Von dort aus skizziert das Buch die Grundlage für einen tiefgreifenden Wandel in der Organisation und den Zielen der Kaserne. Der erste Schritt wäre, dass sich die Streitkräfte von der großen transnationalen Rüstungsindustrie und den Plänen der Hegemonialmächte lösen.

Die vorgeschlagene Reform sollte die übermäßige Zahl funktionsloser Generäle und die Verteilung der Truppen im ganzen Land überprüfen und den Weg für Frauen und Schwarze ebnen, in der Hierarchie aufzusteigen. Die Arbeit unterstreicht die Notwendigkeit größerer staatlicher Investitionen in Wissenschaft und Technologie, um dem Sektor angesichts der neuen Merkmale des Krieges operative Kapazitäten zu verleihen. Schließlich muss eine große nationale Debatte zum Thema Verteidigung eröffnet werden. Dabei handelt es sich um eine eminent politische Artikulation, die sich nicht auf die Kasernenwände beschränken lässt. „Kommandeure müssen zur Verteidigung konsultiert werden, aber ihre Gestaltung und ihr Verhalten liegen in der Hand des Politikers“, betont Domingos Neto.

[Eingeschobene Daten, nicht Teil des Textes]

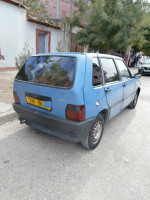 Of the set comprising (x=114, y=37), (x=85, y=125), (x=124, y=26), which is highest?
(x=124, y=26)

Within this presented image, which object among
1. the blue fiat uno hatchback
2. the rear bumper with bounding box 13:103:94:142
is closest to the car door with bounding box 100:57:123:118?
the blue fiat uno hatchback

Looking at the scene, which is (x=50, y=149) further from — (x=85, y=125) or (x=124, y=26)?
(x=124, y=26)

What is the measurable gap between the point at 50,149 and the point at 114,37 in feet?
26.6

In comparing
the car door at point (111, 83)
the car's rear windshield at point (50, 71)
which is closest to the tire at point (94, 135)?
the car door at point (111, 83)

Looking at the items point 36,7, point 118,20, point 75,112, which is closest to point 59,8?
point 36,7

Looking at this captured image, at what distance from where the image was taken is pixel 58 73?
2.14m

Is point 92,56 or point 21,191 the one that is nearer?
point 21,191

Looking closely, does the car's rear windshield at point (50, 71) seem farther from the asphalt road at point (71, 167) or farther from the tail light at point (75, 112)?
the asphalt road at point (71, 167)

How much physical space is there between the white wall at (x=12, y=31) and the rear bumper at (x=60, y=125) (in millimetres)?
6869

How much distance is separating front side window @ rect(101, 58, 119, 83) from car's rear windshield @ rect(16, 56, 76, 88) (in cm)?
77

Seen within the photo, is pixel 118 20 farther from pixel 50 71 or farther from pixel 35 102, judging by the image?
pixel 35 102

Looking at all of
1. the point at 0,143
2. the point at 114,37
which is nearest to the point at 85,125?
the point at 0,143

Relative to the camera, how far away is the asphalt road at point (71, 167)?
171cm

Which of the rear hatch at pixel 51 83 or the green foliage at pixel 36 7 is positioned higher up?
the green foliage at pixel 36 7
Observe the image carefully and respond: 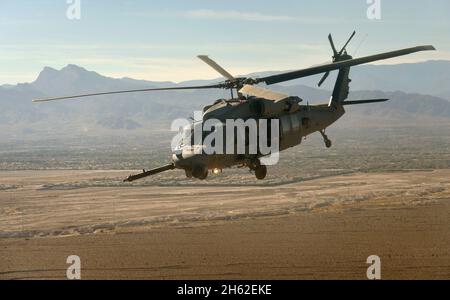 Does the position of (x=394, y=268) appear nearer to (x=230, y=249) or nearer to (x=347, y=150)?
(x=230, y=249)

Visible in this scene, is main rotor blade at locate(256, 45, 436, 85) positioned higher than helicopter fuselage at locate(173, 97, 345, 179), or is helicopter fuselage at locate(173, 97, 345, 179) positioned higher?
main rotor blade at locate(256, 45, 436, 85)

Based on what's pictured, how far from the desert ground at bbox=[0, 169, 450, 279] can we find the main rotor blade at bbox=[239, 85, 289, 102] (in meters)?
27.2

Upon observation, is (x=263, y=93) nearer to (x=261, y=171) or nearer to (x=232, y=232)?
(x=261, y=171)

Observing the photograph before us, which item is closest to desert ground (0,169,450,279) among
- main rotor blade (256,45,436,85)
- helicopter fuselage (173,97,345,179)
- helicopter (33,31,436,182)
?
helicopter fuselage (173,97,345,179)

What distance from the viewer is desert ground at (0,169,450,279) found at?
48.8m

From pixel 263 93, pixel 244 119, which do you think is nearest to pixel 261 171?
A: pixel 244 119

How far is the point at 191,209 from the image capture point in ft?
267

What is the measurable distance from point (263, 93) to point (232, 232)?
138ft

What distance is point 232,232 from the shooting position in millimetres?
61844

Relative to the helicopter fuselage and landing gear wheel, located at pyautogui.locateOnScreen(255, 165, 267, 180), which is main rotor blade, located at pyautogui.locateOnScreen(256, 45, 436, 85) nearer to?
the helicopter fuselage

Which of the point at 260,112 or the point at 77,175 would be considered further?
the point at 77,175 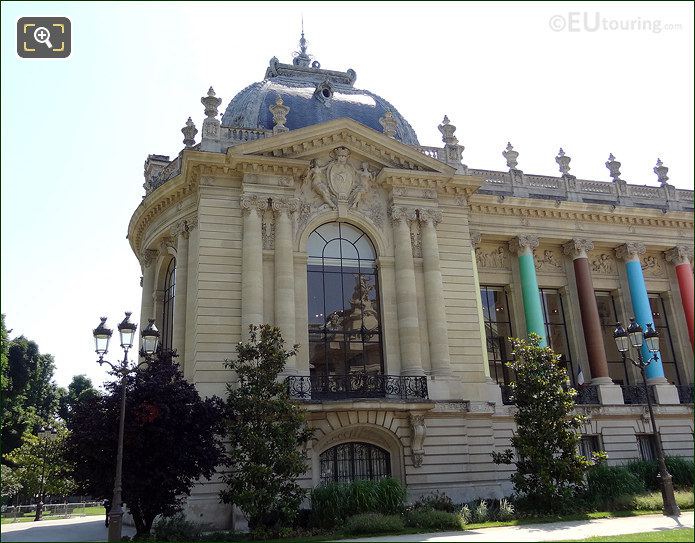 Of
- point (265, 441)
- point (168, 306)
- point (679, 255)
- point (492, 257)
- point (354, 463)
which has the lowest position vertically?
point (354, 463)

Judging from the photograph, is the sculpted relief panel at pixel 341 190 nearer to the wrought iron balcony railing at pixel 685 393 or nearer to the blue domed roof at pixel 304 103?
the blue domed roof at pixel 304 103

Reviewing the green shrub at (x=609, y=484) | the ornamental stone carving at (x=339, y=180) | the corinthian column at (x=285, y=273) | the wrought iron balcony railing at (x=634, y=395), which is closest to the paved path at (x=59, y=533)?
the corinthian column at (x=285, y=273)

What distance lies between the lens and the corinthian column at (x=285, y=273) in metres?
23.2

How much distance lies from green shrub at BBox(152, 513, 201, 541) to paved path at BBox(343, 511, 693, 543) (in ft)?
19.0

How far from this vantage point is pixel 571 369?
30078 millimetres

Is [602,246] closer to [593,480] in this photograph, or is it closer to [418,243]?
[418,243]

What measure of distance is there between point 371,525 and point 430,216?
43.3 ft

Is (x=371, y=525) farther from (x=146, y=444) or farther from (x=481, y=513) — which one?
(x=146, y=444)

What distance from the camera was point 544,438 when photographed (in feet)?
68.9

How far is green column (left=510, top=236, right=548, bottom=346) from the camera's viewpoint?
29.1 meters

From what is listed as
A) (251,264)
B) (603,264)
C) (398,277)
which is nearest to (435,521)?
(398,277)

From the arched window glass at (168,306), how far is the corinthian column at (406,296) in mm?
10054

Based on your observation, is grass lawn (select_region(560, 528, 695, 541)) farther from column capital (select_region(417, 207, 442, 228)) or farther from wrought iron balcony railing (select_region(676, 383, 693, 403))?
wrought iron balcony railing (select_region(676, 383, 693, 403))

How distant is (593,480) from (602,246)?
13.8 meters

Zwei Punkte versuchen, die im Buch gemachten Vorschläge zusammenzufassen. Die erste besteht darin, der Vorstellung ein Ende zu setzen, dass die Streitkräfte eine moderierende Macht seien und die Möglichkeit hätten, in das politische Leben des Landes einzugreifen, wie in Artikel 142 der Verfassung festgelegt. Der zweite Punkt weist auf eine umfassende Verteidigungspolitik hin, die den sozialen und bürgerlichen Zusammenhalt des Landes einbeziehen muss. Dies würde neben der Konsolidierung des demokratischen Regimes auch eine Verringerung von Armut und Ungleichheit, allen Arten von Vorurteilen und regionalen Ungleichheiten bedeuten.

Was tun mit dem Militär? Es handelt sich um eine Interventionsarbeit und fast um eine Verleumdung, die dazu dient, den Platz der Waffen in der Staatspolitik zu verändern. Der Appell ist nachdrücklich: „Heute versuchen die Generäle, Verluste und Schäden aufgrund ihrer direkten und indirekten Beteiligung am Putschchaos zu bewältigen.“ Lula beharrt auf Beschwichtigung: Er feiert den Tag der Armee, ein Ritual, das den kolonialen Charakter des Konzerns lobt und die Armee von Caxias verherrlicht, ein Ausdruck, der die inländischen Interventionen der Landstreitkräfte legitimiert.“

Alles deutet darauf hin, dass es eine historische Chance gibt, eine umfassende Umstrukturierung der Verteidigungs- und Sicherheitskräfte voranzutreiben. Das Buch von Manuel Domingos Neto ist eine eindringliche Warnung, dass diese Chance nicht ewig bestehen bleibt.

*Gilberto Maringoni, ist Journalistin und Professorin für Internationale Beziehungen an der Federal University of ABC (UFABC)..

Referenz


Manuel Domingos Neto. Was tun mit dem Militär – Hinweise für eine neue Landesverteidigung. Parnaíba, Lesekabinett: 2023, 224 Seiten.